What to work on
The records below are to be transcribed exactly, with the pictures removed.

Records for processing
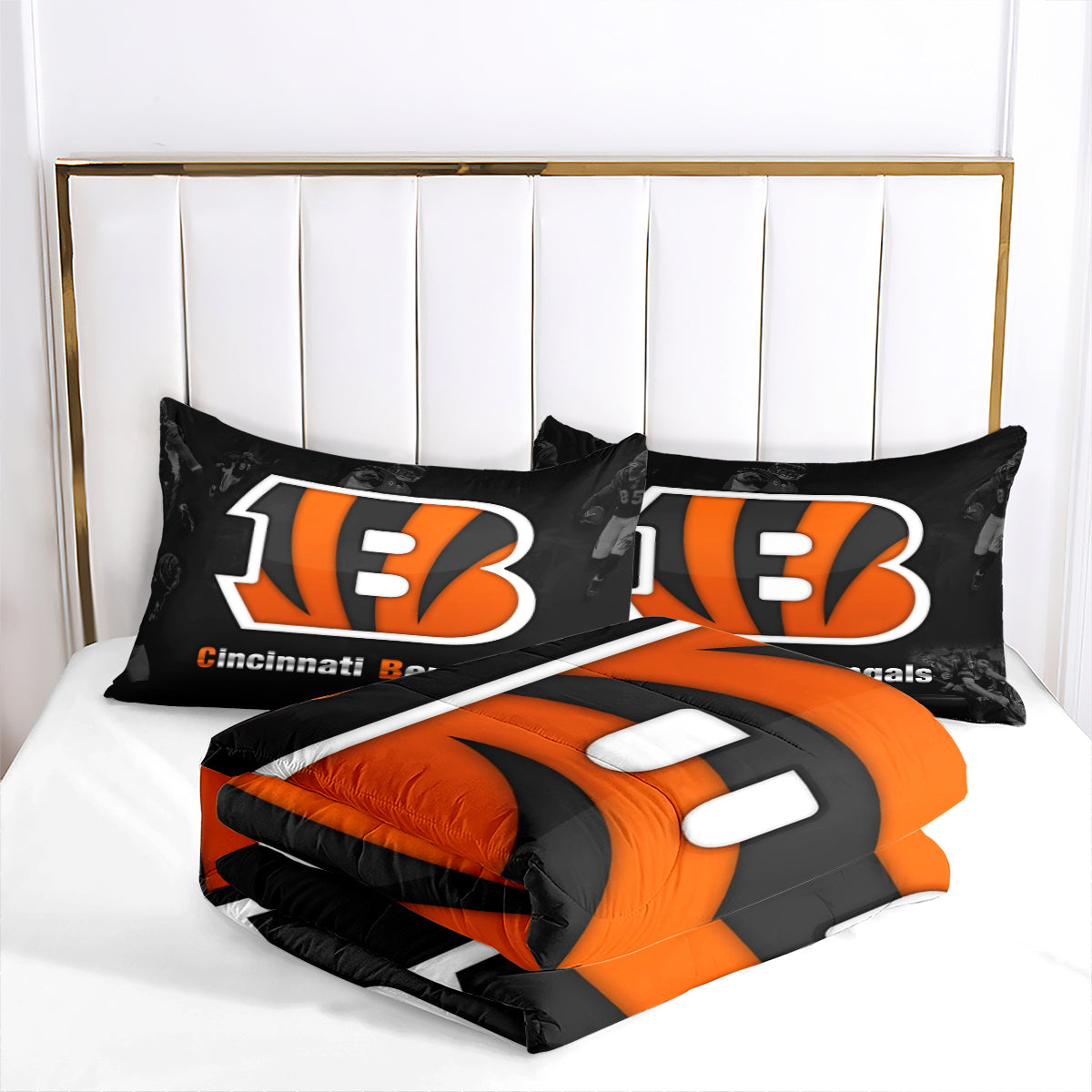 Cincinnati Rugby Football Bengals Comforter Pillowcases 3PC Sets Blanket All Season Reversible Quilted Duvet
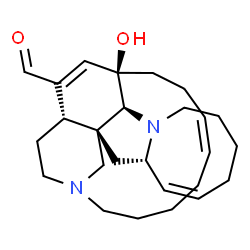 ChemSpider 2D Image | (1S,2S,4S,5Z,12S,13R,16Z)-13-Hydroxy-11,22-diazapentacyclo[11.11.2.1~2,22~.0~2,12~.0~4,11~]heptacosa-5,16,25-triene-25-carbaldehyde | C26H38N2O2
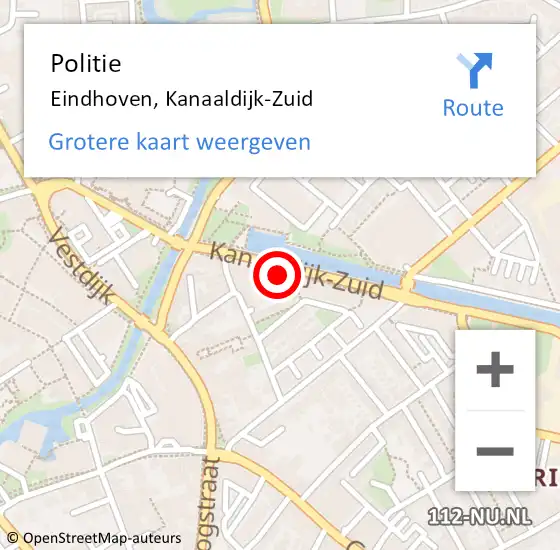 Locatie op kaart van de 112 melding: Politie Eindhoven, Kanaaldijk-Zuid op 5 november 2024 21:26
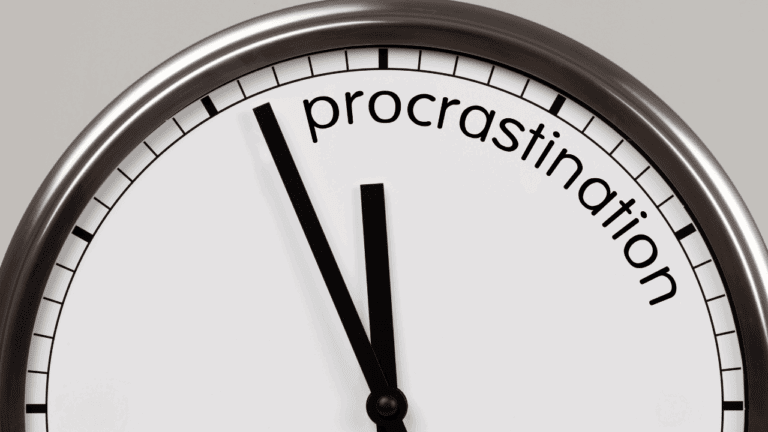 Clock pointing to 'procrastination', symbolizing overcoming procrastination through life coaching for achieving goals and behavior change. Neuroscience of Procrastination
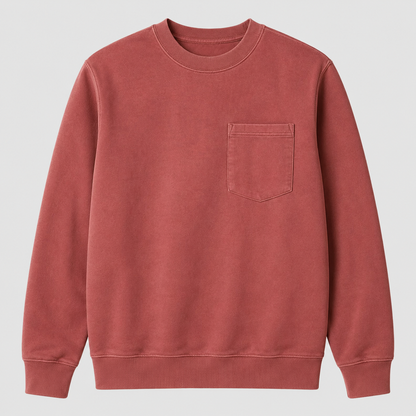 【LAST DAY SALE】Vintage Washed Unisex Pocket Crewneck Sweatshirt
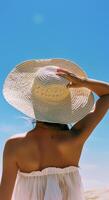 Woman in Bikini and Hat on Beach photo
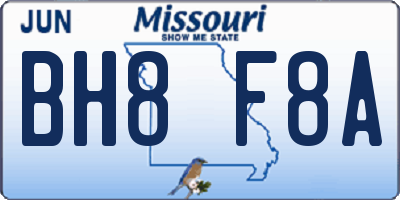 MO license plate BH8F8A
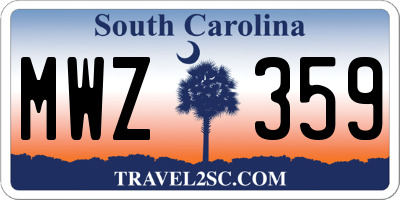 SC license plate MWZ359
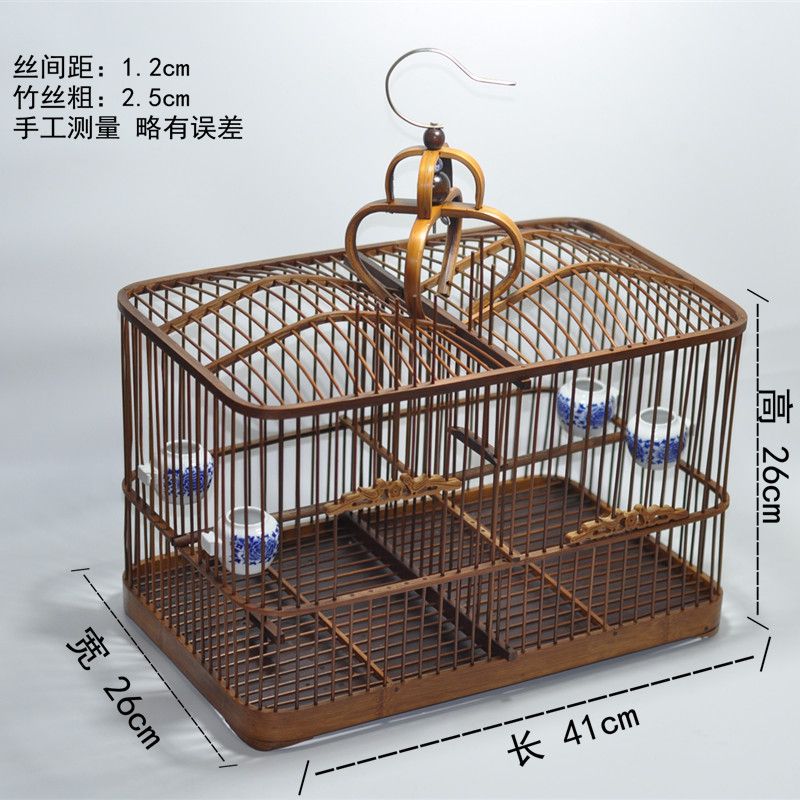 竹制鸟笼手工自制方笼双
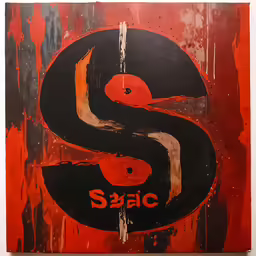 this is a large painting in the shape of a snake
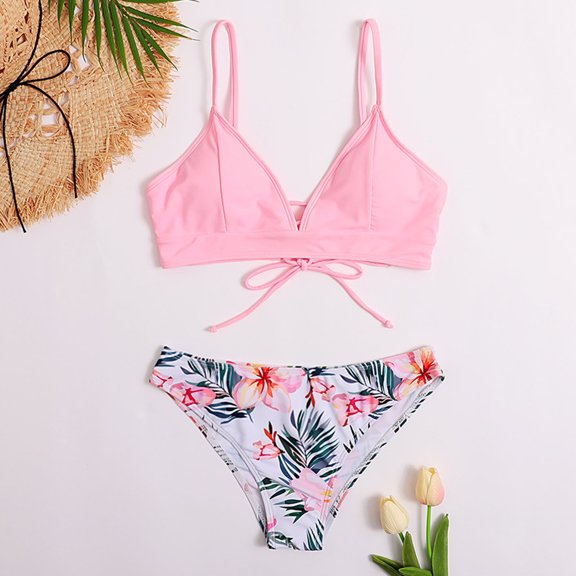 Tejiojio Clearance Sale Women's Swimsuit Womens Swimwear Tankini Tops Funny Women Print Bandage Backless Back Siamese Swimwear Beachwear Set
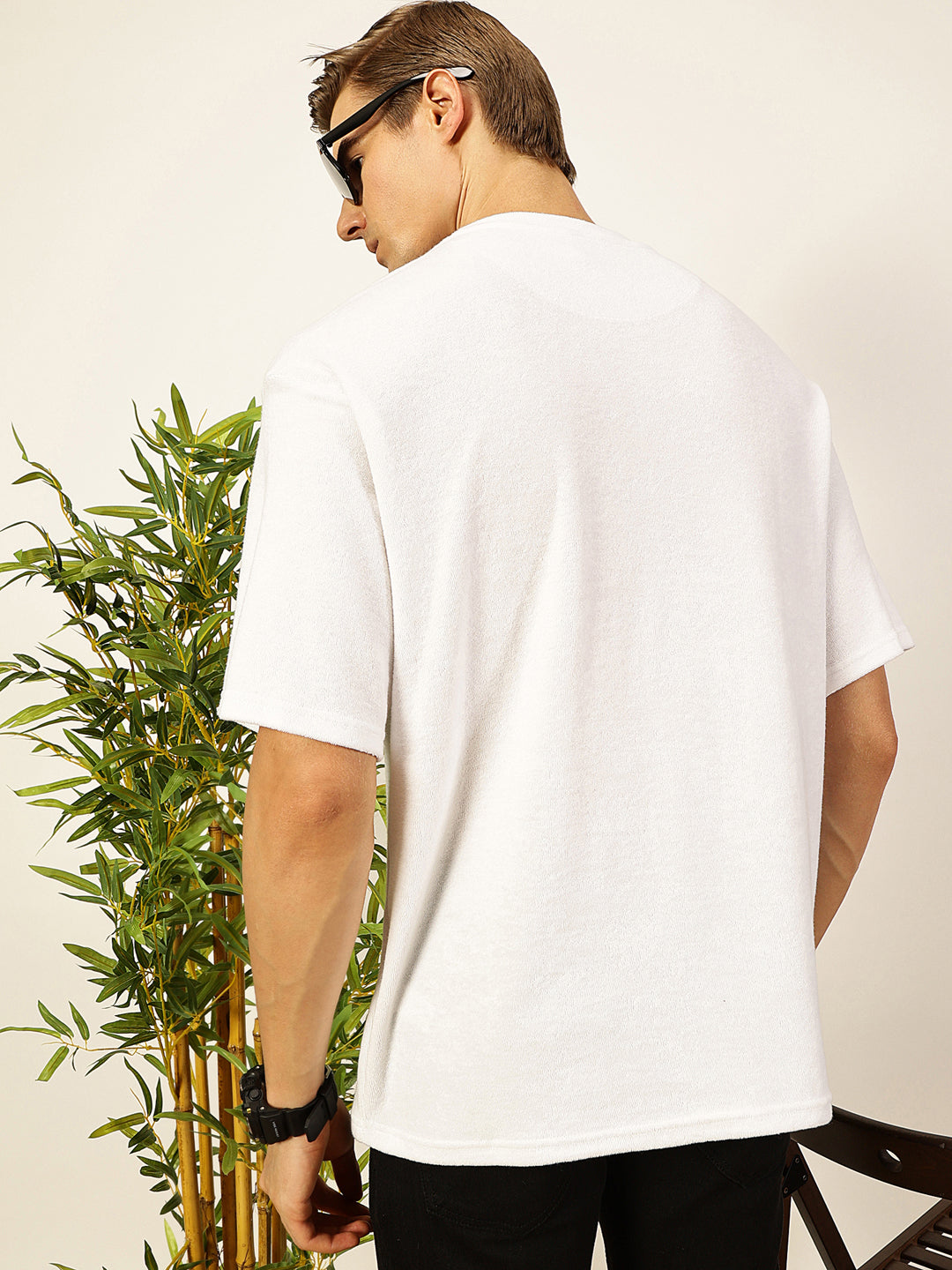 Thomas Scott Men Solid Round Neck Oversized Casual T-shirt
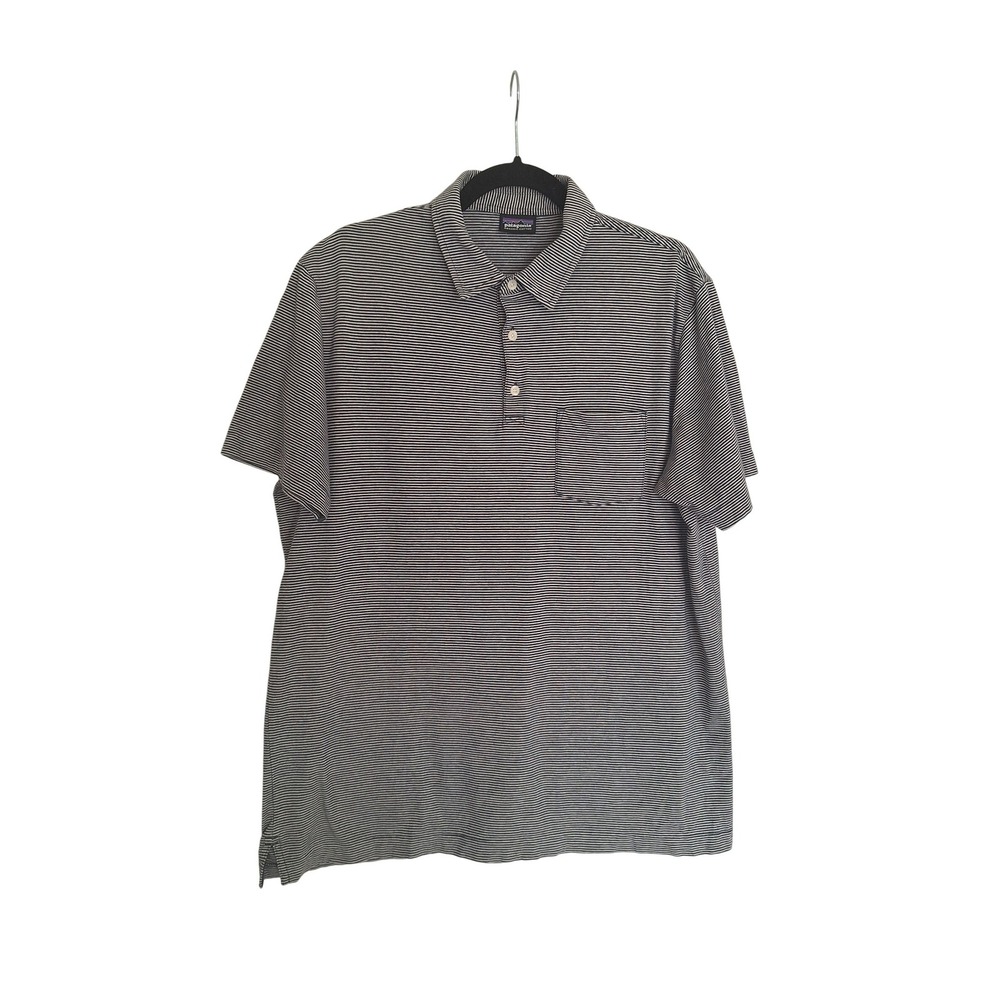 Patagonia Organic‎ Cotton Gray Stretch Striped Shirt Mens Large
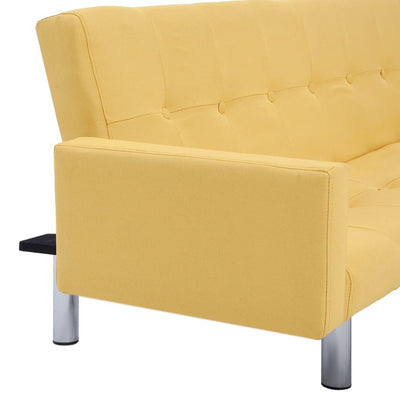 Dealsmate  Sofa Bed with Armrest Yellow Polyester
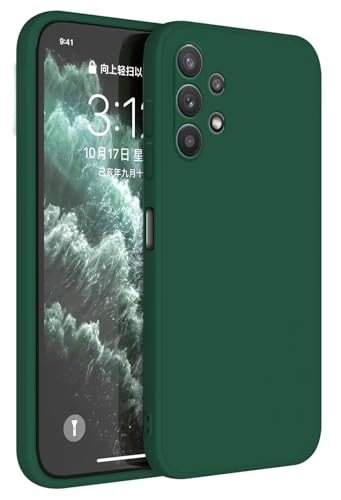 Topme Cover per Samsung Galaxy A32 4G (6.4' Inches) Custodia Case, Protezione Della Pelle Della Custodia in Silicone Tpu - Verde scuro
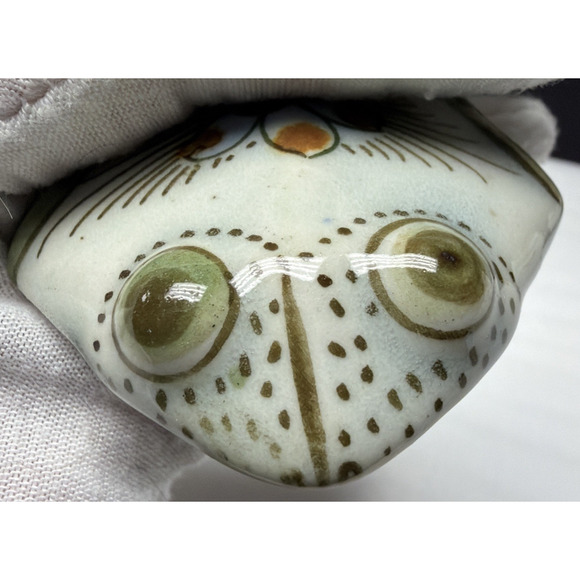 Vintage Mexican Folk Art Tonala Frog Toad Sitting Floral Painted Figurine - Picture 11 of 16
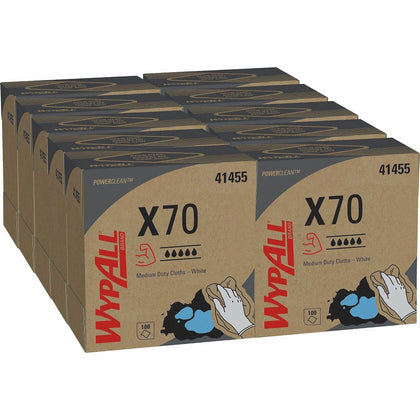 Wypall PowerClean X70 Cloths - Medium Duty White Hydroknit - 100/Box - Sponges Cleaning Pads & Wipers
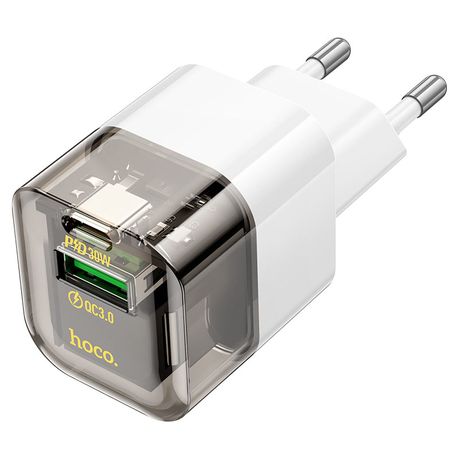 Fast i Phone Charger Adapter 30Watt Dual Port (USB+Type-C)-Hoco C131A Image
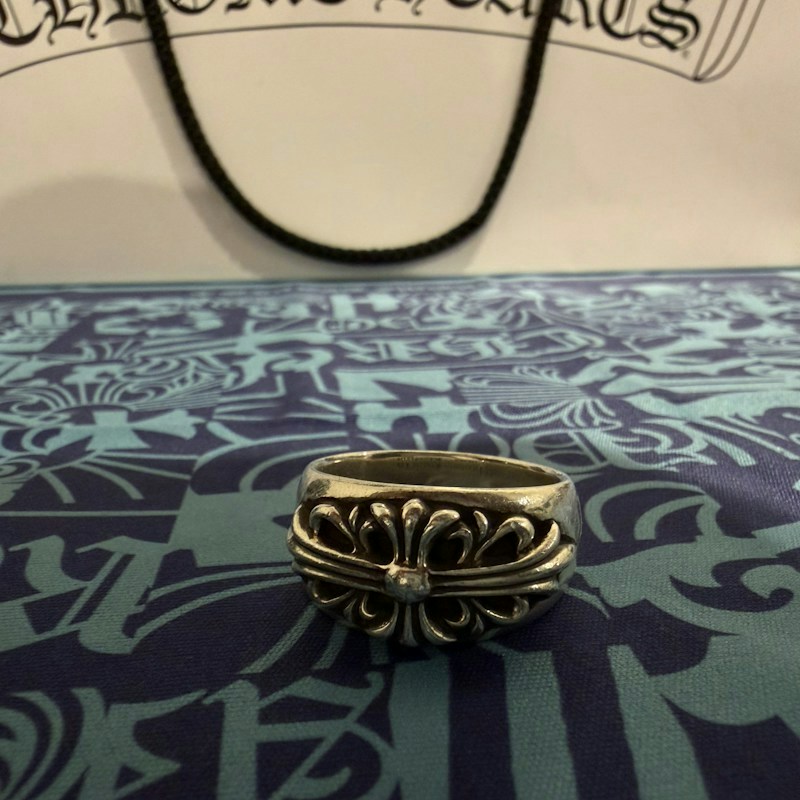 Chrome Hearts Floral Cross Ring Silver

Exercise answer
 Cincinnati Rugby Football Bengals Comforter Pillowcases 3PC Sets Blanket All Season Reversible Quilted Duvet
 ChemSpider 2D Image | (1S,2S,4S,5Z,12S,13R,16Z)-13-Hydroxy-11,22-diazapentacyclo[11.11.2.1~2,22~.0~2,12~.0~4,11~]heptacosa-5,16,25-triene-25-carbaldehyde | C26H38N2O2
 Locatie op kaart van de 112 melding: Politie Eindhoven, Kanaaldijk-Zuid op 5 november 2024 21:26
 Clock pointing to 'procrastination', symbolizing overcoming procrastination through life coaching for achieving goals and behavior change. Neuroscience of Procrastination
 【LAST DAY SALE】Vintage Washed Unisex Pocket Crewneck Sweatshirt
 Woman in Bikini and Hat on Beach photo
 MO license plate BH8F8A
 SC license plate MWZ359
 竹制鸟笼手工自制方笼双
 this is a large painting in the shape of a snake
 Tejiojio Clearance Sale Women's Swimsuit Womens Swimwear Tankini Tops Funny Women Print Bandage Backless Back Siamese Swimwear Beachwear Set
 Thomas Scott Men Solid Round Neck Oversized Casual T-shirt
 Patagonia Organic‎ Cotton Gray Stretch Striped Shirt Mens Large
 Dealsmate  Sofa Bed with Armrest Yellow Polyester
 Topme Cover per Samsung Galaxy A32 4G (6.4' Inches) Custodia Case, Protezione Della Pelle Della Custodia in Silicone Tpu - Verde scuro
 Vintage Mexican Folk Art Tonala Frog Toad Sitting Floral Painted Figurine - Picture 11 of 16
 Wypall PowerClean X70 Cloths - Medium Duty White Hydroknit - 100/Box - Sponges Cleaning Pads & Wipers
 Fast i Phone Charger Adapter 30Watt Dual Port (USB+Type-C)-Hoco C131A Image
 Chrome Hearts Floral Cross Ring Silver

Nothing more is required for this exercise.